The building is part of a twenty-eight-acre site and sits atop a grassy hill where its glass facade reflects the surrounding natural elements. The thinness of the framing grid, as well as the mullions that move down the face of the curtain wall, create the impression of a building almost floating in the field. The mullions not only divide the surface, they also create a decorative pattern secondary to the wall of reflective glass. The sleek, radiant glass provides a sharp contrast to the concrete base. The concrete wall has extreme scale, but lacks any real density, giving the building the appearance of a cubic mirror merely resting on a concrete base, unrestrained by anything other than gravity. The interior of the building is mostly open with only a few rooms on each floor.
The Unum Life Insurance Company Building is elegant and resplendent. The horizontal “tower” is monumental modernism on the outskirts of Maine’s largest city. Even if some might think the rectangular, glass-clad structure is more appropriate in an urban environment, its stands as evidence that a refined sense of cosmopolitan style can be made pastoral.

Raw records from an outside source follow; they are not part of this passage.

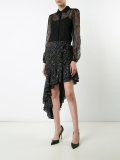 'Floral Make Love' asymmetric skirt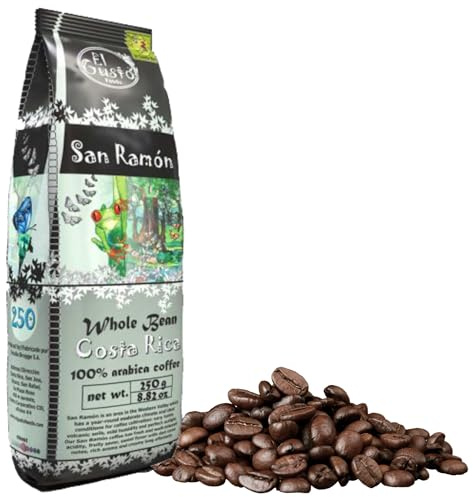 El Gusto San Ramon – Exotischer Specialty Coffee 250g – Noten von Lulo & Limone – 100% Arabica Costa Rica Ganze Bohnen – Fruchtig & Frisch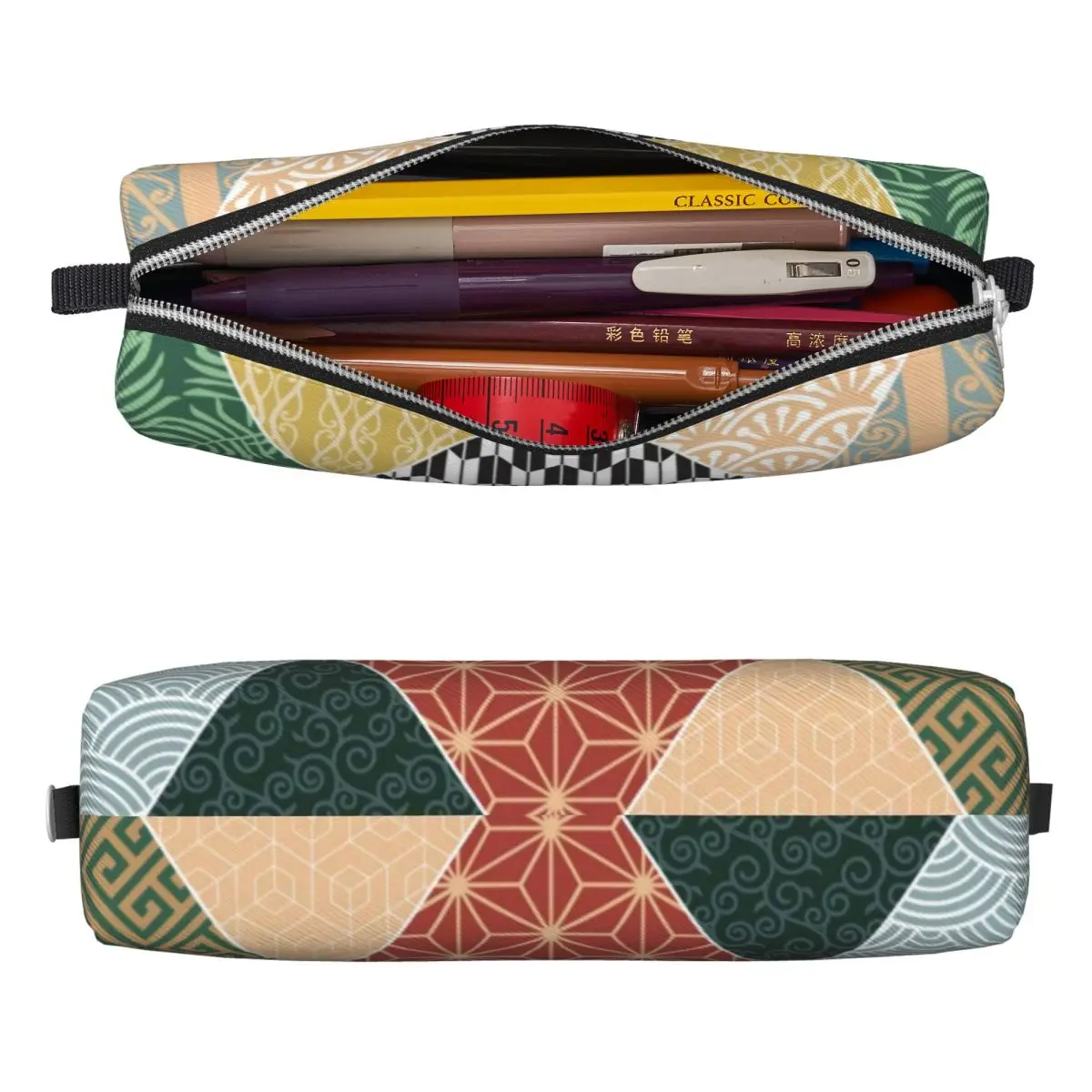 Colorful Patchwork Pencil Case Tribal Ethnic Print School Pencil Cases Boy Girl Lovely College Pencil Pouch School Stationery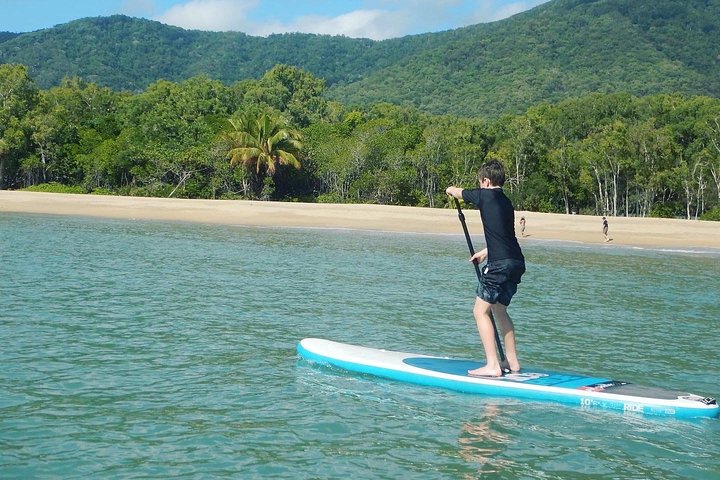 Sunrise Paddleboarding Group Lesson at Palm Cove Beach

Union Mutual was incorporated in Maine in 1848 and moved its offices to Portland in 1881. After demutualizing in 1986, Union Mutual was renamed Unum, a company now headquartered in Chattanooga, Tennessee. This Portland building remains one of the company’s worldwide offices.
References
Isaacson, Philip. “The Development of Modern Styles of Architecture: Roughly from 1920 to the Present,” in Maine Forms of American Architecture, edited by Deborah Thompson .Camden, ME: Downeast Magazine, 1976.
“Union Mutual Home Office Building, Portland, Maine, 1971.” Process ArchitectureNo. 10 (1979): 77-80.